Q1FY18 GDP – TAKES IMPACT OF GST ON ITS SHIN
By Ruma Dubey
Prior to the GDP announcement, the Fiscal Deficit numbers came in. Fiscal deficit, which is the difference between the Govt income and spending was at Rs.50.4 lakh crore while the Budget for FY18 has set the target at Rs.54.70 lakh crore or 3.2% of GDP. So we are at 94% of the set target. The government’s total spending stood at Rs 8.08 lakh crore, a little more than one-third of the FY18 target, mainly on account of front loading subsidy payments.
And RBI put an end to the great big mystery surrounding the impact of demonetization – how much money came back? In its Annual Report released yesterday, the RBI stated that 98.96% of Rs 500 and Rs 1000 notes (by value) that were invalidated due to the demonetisation exercise had been returned by the end of June. The estimated value of the banned notes that RBI got was Rs 15.28 trillion v/s Rs 15.44 trillion of the invalidated notes that were in circulation as of 8 November.
The effect of demonetization was seen on the Jan-March GDP which had come in at 6.1% and now in the April to June quarter, Q1FY18, GDP slipped to 5.7% (QoQ) and down sharply from 7.9% (YoY), thanks to GST. The big question which all analysts were asking was whether it would be closer to 7% but clearly, it has slipped from there to below 6% and this took everyone by surprise as almost all had expected a sharp upturn in growth, feeling that the effect of demonetization was finally left behind.
The Gross Value Added growth (GVA), which is GDP minus net taxes remained unchanged at 5.6% (QoQ). The worst performance was from the manufacturing sector whose GVA fell to 1.2% v/s 10.7% (YoY) while agriculture grew from 2.1% to 2.3%. Construction GVA too fell from 3.1% to 2% and that of finance, insurance and realty fell from 9.4% to 6.4%. Trade, hotels & transport actually rose from 8.9% to 11.1%.
Clearly, growth is taking the impact of demonetization and ushering in of GST on its shin. This GDP number clearly goes on to show what the corporate earnings of Q1FY18 have been telling us – there was confusion and chaos as people were destocking all inventory and this in turn hit production. Thus the slippage to below 6% that we see today is the direct impact of GST.
It’s a big relief to know that we are no longer the ‘fastest growing’ economy in the world as China, in Q4 itself held the mantle with a 6.9% growth. We say it is a relief because it always easier to breath and concentrate on growth when the pressure is simply to remain first – it is then that numbers and ground reality start looking unreal, with no sense of concurrence between the two.

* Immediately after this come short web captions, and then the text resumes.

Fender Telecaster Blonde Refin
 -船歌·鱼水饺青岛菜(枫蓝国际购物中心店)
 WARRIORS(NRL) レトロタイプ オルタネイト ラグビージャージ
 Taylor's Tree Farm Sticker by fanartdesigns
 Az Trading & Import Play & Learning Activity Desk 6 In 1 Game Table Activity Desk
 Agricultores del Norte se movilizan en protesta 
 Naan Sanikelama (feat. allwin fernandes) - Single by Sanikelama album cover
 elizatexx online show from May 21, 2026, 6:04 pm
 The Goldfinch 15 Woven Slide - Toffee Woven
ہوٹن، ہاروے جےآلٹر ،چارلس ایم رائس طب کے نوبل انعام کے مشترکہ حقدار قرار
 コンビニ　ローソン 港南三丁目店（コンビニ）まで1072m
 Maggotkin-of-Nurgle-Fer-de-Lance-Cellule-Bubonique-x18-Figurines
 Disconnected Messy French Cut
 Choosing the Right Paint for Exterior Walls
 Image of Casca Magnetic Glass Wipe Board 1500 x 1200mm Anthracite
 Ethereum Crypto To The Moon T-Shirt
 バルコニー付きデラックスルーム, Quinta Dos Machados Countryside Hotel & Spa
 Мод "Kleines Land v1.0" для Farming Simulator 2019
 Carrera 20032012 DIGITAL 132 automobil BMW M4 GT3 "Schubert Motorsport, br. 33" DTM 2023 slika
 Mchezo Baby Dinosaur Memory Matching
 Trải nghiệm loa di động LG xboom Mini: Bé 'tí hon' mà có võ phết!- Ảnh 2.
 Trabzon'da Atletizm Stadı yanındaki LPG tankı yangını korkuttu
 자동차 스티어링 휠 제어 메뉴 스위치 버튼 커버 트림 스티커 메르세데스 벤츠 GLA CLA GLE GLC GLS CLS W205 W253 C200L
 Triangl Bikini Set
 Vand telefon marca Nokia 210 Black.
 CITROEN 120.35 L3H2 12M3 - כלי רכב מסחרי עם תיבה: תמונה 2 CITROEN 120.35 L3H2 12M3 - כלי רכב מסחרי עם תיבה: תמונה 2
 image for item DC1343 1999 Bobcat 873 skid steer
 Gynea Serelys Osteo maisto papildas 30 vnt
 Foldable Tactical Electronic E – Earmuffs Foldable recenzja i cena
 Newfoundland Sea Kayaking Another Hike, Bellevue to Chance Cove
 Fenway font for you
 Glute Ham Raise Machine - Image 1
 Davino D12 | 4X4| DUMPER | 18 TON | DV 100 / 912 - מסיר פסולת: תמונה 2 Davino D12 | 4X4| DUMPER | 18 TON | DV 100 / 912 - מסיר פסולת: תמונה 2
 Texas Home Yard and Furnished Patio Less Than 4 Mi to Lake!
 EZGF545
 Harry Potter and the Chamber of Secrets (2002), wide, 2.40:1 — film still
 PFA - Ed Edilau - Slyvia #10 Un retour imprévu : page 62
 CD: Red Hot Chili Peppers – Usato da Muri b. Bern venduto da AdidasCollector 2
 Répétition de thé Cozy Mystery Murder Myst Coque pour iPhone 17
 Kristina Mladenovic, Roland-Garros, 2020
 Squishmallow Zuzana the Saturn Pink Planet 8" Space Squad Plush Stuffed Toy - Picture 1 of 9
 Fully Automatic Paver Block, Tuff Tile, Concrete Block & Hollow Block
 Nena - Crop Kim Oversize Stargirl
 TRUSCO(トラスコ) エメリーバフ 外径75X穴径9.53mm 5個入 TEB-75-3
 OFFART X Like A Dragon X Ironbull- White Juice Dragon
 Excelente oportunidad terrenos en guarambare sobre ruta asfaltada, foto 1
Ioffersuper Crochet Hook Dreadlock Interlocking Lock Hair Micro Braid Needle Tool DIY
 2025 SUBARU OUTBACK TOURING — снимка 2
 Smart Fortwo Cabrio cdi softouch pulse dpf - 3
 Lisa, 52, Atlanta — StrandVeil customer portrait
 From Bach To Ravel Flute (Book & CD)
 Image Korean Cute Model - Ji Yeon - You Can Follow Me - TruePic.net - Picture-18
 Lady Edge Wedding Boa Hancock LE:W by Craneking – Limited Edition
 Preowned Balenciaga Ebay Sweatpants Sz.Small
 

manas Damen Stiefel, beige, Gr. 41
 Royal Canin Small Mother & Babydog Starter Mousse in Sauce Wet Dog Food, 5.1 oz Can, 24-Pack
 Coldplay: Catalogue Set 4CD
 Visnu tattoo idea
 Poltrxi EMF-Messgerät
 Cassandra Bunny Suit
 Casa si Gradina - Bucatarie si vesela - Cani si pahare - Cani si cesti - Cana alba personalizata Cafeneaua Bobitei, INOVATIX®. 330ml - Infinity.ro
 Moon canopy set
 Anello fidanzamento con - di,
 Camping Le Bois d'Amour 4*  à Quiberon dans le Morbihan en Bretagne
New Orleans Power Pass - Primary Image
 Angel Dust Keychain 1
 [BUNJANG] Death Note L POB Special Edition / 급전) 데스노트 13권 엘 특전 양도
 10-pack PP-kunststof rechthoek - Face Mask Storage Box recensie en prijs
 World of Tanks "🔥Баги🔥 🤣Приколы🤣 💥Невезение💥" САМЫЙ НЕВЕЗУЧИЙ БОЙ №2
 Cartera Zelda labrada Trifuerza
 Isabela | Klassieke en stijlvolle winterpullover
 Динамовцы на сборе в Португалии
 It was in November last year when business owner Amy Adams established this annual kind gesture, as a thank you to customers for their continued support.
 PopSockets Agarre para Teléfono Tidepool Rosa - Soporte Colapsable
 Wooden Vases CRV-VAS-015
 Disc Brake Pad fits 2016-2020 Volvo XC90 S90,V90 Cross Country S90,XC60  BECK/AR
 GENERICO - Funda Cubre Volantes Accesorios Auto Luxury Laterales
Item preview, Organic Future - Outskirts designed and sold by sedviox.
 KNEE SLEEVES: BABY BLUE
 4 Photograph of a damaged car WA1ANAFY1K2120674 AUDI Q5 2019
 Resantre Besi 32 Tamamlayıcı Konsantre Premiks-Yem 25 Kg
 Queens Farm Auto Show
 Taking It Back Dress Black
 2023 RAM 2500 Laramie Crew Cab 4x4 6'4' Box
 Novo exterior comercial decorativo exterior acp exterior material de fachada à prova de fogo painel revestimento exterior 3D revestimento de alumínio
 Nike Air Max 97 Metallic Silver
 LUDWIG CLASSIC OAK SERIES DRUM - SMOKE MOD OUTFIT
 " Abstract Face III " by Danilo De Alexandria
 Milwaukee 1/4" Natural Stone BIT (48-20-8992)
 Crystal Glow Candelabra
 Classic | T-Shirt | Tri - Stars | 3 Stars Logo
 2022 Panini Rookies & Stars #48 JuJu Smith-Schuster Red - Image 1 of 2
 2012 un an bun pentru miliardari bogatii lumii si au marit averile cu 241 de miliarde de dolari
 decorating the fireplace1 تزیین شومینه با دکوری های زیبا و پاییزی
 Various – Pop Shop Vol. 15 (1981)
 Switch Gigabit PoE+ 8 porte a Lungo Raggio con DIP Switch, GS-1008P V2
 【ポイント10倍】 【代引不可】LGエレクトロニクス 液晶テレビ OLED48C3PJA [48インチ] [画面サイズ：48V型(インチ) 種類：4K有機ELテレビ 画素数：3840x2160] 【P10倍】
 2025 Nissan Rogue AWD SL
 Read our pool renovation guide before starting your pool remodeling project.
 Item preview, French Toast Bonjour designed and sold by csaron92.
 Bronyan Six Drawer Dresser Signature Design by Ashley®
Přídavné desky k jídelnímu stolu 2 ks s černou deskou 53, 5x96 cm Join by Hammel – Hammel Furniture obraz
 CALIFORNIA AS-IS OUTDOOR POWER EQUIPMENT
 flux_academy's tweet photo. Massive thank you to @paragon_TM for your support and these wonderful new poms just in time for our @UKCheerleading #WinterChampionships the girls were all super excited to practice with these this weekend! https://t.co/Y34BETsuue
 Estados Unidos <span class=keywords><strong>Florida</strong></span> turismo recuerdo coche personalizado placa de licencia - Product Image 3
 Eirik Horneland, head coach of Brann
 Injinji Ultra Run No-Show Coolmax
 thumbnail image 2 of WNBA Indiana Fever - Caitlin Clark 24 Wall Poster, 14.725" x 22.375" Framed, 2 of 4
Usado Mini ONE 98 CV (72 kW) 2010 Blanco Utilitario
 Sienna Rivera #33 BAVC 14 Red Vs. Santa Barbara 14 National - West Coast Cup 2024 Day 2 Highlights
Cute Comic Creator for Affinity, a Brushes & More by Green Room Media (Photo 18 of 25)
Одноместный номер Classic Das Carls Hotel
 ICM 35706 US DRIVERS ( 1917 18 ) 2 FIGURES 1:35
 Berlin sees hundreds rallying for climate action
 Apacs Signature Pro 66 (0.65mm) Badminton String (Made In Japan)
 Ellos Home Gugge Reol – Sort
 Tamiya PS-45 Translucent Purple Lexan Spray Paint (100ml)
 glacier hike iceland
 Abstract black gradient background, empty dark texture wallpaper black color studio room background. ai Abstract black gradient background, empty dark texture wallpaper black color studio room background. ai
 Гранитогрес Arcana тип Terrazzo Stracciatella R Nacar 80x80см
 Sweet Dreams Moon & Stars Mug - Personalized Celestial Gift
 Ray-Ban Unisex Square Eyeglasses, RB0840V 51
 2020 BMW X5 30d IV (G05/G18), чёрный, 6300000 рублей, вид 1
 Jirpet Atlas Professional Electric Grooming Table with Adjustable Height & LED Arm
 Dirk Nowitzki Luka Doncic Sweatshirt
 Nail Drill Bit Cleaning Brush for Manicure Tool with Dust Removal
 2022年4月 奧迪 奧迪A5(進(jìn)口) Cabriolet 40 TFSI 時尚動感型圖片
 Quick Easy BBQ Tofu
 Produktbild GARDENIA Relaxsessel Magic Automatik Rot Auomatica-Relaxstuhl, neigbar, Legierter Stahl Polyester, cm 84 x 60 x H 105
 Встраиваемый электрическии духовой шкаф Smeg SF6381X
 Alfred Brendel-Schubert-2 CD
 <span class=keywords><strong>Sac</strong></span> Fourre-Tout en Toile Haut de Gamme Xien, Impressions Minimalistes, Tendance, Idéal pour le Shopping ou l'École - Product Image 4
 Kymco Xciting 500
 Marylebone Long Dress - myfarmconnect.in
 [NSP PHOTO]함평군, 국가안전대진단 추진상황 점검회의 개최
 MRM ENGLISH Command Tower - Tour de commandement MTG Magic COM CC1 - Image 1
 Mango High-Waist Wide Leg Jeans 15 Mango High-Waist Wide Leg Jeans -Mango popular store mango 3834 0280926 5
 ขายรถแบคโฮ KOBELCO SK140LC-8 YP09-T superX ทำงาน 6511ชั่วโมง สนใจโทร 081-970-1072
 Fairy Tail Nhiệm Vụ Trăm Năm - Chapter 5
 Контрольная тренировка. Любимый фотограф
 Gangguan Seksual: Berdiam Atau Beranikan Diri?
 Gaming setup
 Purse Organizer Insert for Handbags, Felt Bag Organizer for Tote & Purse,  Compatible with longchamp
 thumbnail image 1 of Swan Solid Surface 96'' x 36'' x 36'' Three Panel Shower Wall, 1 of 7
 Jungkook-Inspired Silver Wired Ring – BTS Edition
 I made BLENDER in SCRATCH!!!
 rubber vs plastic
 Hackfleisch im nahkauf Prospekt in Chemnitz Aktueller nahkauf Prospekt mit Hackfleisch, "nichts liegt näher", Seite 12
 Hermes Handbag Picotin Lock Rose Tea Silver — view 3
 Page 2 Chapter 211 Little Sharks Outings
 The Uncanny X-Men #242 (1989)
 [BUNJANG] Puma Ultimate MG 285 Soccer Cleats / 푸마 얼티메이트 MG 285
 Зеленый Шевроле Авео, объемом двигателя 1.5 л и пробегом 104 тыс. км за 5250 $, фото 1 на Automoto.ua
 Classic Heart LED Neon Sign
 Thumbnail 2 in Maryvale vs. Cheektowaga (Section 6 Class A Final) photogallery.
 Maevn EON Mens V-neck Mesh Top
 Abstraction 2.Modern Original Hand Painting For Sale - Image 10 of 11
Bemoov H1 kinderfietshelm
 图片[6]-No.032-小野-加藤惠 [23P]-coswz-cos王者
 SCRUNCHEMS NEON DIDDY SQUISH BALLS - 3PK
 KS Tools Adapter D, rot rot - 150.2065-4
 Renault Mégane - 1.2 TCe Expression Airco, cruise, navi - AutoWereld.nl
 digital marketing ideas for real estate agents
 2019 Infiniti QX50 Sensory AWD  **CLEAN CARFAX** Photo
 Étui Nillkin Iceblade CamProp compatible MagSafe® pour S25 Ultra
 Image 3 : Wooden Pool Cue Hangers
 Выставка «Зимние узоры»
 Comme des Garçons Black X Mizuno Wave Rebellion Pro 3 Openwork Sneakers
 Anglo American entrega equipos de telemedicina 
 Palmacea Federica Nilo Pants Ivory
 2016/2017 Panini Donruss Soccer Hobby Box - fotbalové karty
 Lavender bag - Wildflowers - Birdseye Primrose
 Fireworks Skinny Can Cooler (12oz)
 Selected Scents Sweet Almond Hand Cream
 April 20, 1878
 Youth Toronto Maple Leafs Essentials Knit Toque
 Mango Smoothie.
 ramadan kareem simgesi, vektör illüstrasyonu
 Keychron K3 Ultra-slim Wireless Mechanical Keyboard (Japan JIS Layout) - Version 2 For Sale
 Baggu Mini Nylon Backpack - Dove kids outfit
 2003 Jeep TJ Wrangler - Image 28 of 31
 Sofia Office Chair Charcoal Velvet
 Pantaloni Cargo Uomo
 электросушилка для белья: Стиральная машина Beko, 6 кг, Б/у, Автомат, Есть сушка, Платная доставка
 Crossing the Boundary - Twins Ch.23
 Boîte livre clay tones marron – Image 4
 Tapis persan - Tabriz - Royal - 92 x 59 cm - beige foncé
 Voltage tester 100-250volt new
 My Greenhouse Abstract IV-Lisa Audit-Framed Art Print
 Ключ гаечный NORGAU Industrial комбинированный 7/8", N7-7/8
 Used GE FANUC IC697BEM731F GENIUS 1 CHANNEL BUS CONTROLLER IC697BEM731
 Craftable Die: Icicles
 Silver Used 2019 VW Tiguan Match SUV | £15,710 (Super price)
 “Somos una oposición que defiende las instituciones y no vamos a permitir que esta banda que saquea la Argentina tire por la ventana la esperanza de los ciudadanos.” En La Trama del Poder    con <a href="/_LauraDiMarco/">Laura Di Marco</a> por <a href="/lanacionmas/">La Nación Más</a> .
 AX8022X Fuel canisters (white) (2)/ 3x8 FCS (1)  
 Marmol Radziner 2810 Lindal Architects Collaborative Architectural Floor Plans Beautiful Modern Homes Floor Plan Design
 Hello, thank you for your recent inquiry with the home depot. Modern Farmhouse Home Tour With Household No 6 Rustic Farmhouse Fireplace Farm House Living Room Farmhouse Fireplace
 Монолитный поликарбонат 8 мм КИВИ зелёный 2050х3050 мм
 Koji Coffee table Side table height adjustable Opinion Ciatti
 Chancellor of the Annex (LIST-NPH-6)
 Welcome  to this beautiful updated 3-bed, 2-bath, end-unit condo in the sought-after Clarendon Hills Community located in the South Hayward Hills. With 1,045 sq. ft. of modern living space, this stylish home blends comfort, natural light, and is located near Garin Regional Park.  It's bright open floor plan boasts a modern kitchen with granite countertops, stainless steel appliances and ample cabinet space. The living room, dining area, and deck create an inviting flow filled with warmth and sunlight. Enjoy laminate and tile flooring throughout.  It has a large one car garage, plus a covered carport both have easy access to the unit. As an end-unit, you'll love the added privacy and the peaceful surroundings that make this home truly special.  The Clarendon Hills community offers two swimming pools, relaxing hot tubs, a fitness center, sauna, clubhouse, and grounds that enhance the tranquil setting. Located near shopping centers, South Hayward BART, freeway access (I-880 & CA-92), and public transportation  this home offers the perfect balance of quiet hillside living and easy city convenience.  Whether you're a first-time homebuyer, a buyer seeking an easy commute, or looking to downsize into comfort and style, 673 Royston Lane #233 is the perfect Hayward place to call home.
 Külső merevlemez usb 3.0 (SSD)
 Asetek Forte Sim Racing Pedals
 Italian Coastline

This was the last set of data which the Central Statistics Office (CSO) used estimates of the older tax regime; from Q2 onwards, the CSO will have to use rely on estimates as there are no estimates of “past data” for GST. Thus for the next four quarters, the CSO will have to make its own “learned” estimates to arrive at the GDP.
There is truly nothing to be disappointed with the GDP number as it finally shows effects of such huge overhauls – demonization and GST undertaken in the country. If the number had continued to remain robust while companies were reporting dismal numbers, it would come forth as pretty “cooked up.” This 5.7% growth reflects the true picture and that comes as a relief; some faith is restored in the statistics put out by the Govt!
How will the markets react? After the heady full-on run northwards, this could be a temporary cue for some profit taking but it could be soon brushed off as data of the past, which is already discounted for and once again lurch forward, looking for the next trigger.